The latest from The Wall Street Journal: A whopping $13.5 billion flowed out of municipal bond mutual funds in June. That represented more than 2 percent of all the assets the industry manages. It was also the second worst outflow in 21 years of record keeping.
And no wonder investors are fleeing. A muni-bond index maintained by Barclays suffered its worst monthly loss since September 2008, during the depths of the credit crisis.
Still, I wouldn’t be surprised to see outflows slow for a bit, because the bond market is temporarily stabilizing. But my big-picture perspective is that long-term bonds are a sucker’s bet.
With bonds crashing, the broader stock market could start to struggle. |
At around 2.6 percent, up from 1.6 percent two months ago, the 10-year Treasury still doesn’t offer enough yield to compensate for the risk. Federal Reserve Chairman Ben Bernanke, after all, said last month that the central bank is likely to reduce its bond-buying program as early as this year. So the biggest buyer in Treasuries, scooping up tens of billions in government bonds a month, is about to disappear from the market.
If yields continue to rise, as I expect, even more of the “hot money” that flowed into bonds over the past four years will flow back out. And there’s a ton of that money trapped in bonds because we’ve just come off four years of record inflows into bond mutual funds and ETFs.
But with all that money flowing out of bonds, what will it flow in to? I see two possible scenarios.

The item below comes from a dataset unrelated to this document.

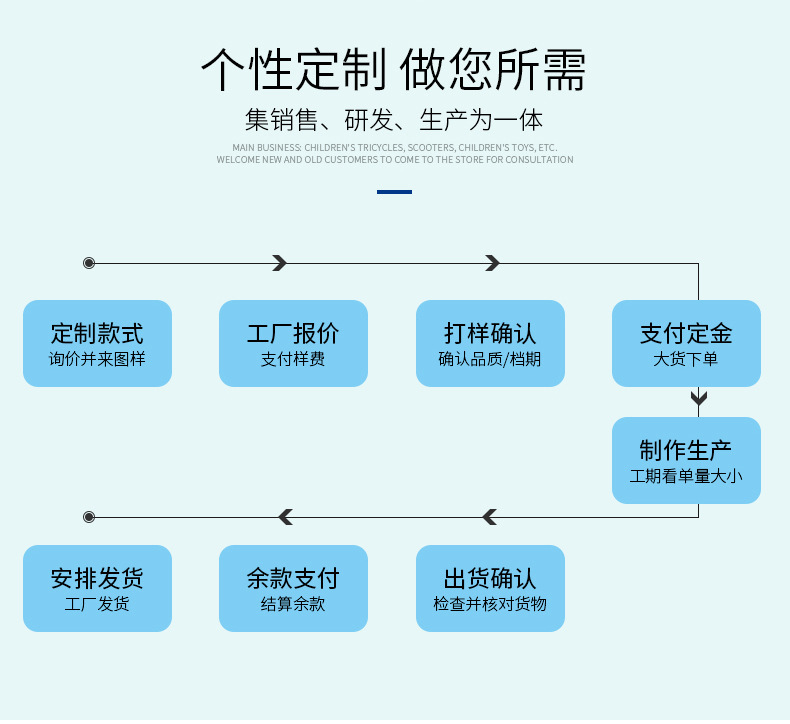 512滑板内页2_10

The first and, in my view, more likely scenario is that the bond crash leads to a sharp break in other assets. That’s because bonds are no capital-markets sideshow. They are the sun around which all other markets orbit.

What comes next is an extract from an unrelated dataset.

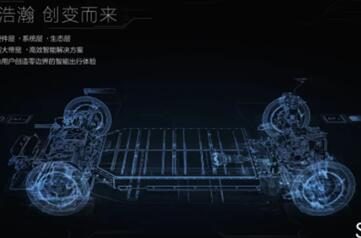 百度进军智能汽车:股价疯涨67%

Consider a few of the other markets that have already been hammered by the sharp rate rise we’ve seen. The Indian rupee just fell to its lowest level ever against the dollar, while the Brazilian real suffered its worst one-month rout in almost three years.
Copper futures sank to $2.99 a pound, the lowest since July 2010, while platinum fell to a level not seen since November 2009. Sugar, corn, wheat, and soybeans have all declined sharply.
Meanwhile, many interest-sensitive stocks and ETFs remain on the ropes. D.R. Horton (DHI) and Lennar (LEN) are trading near the lowest levels since last September. Wood products and timberlands firm Weyerhaeuser (WY) barely bounced this week — even as the broader market popped. And the Market Vectors Mortgage REIT Income ETF (MORT) is languishing at levels not seen since late 2011.
Is it so hard to believe that, with bonds crashing, emerging-market currencies plunging, many commodities tanking, and several rate-sensitive sectors of the stock market falling off a cliff, that the broader stock market will struggle? I sure don’t think so.
In this scenario, I wouldn’t be surprised to see more scared bond money flow into cash and cash-like assets. That’s why I’ve been taking several rounds of profits off the table in my Safe Money newsletter, and why I’m boosting my hedges.
The other possible scenario? Money that flows out of bonds goes aggressively into stocks, especially those that might benefit from rising rates, or at least not be hurt by them.
I’ve seen notable strength in names like CME Group (CME), the futures and options exchange operator. That’s because rising rates make it so more clients need to use CME’s products to hedge their interest-rate risk.
You’re also seeing some money come into transports, select technology stocks, and others that benefit from a stronger economy. The thinking there seems to be: “This is a normal rate rise that you get when growth picks up, not the unwinding of a massive bubble in bonds, so it’s safe to buy.”
A final verdict may not be rendered by the market right away. But I believe this isn’t a time for market heroics and chasing stocks willy-nilly — because if there’s anything I’ve learned over the years, it’s that major bond market sell-offs often lead to pain in equities.